### Work to complete
A word-for-word copy is needed of the line containing "2017 HYUNDAI ACCENT SE" and every line after it through the end of the records below, leaving out all pictures.

### Data under study
——

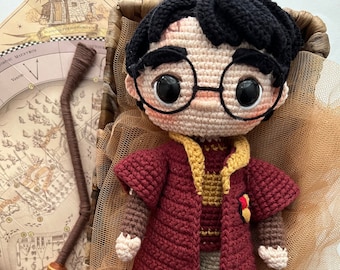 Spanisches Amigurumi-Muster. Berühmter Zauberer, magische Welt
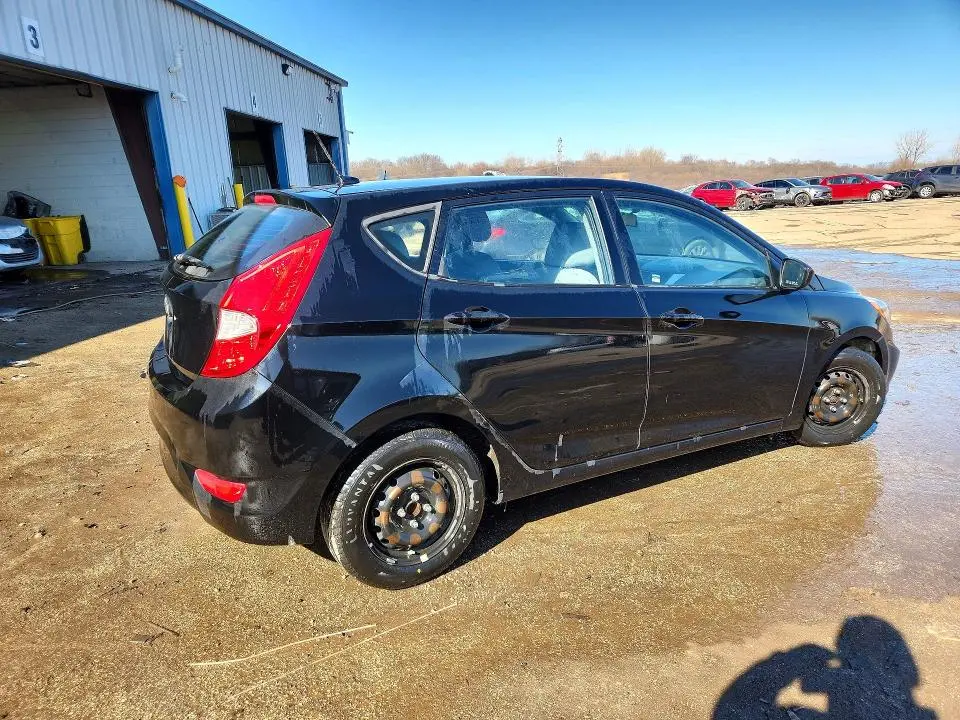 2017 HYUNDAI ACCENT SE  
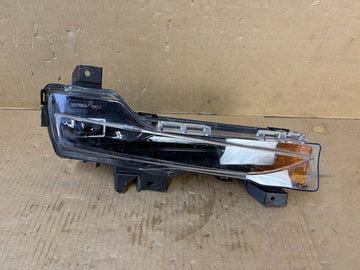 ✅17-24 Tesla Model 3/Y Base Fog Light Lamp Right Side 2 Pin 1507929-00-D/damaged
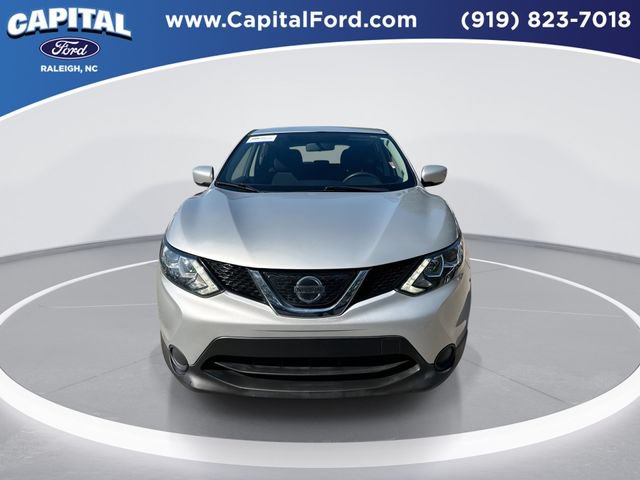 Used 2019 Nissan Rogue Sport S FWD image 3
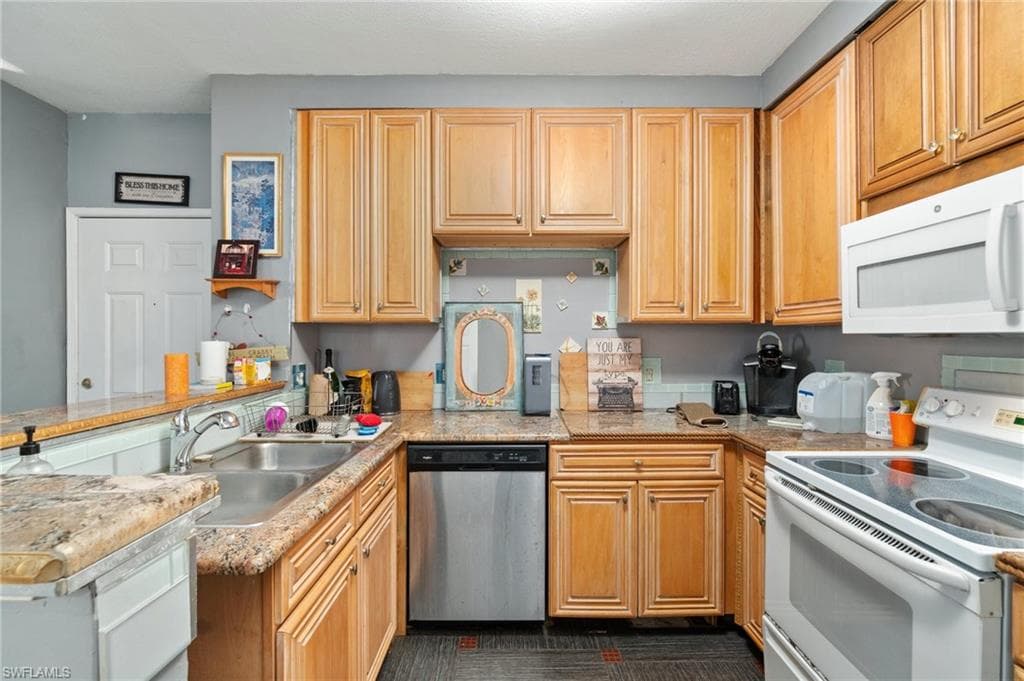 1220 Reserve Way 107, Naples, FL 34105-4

——

### Task result
 2017 HYUNDAI ACCENT SE  
 ✅17-24 Tesla Model 3/Y Base Fog Light Lamp Right Side 2 Pin 1507929-00-D/damaged
 Used 2019 Nissan Rogue Sport S FWD image 3
 1220 Reserve Way 107, Naples, FL 34105-4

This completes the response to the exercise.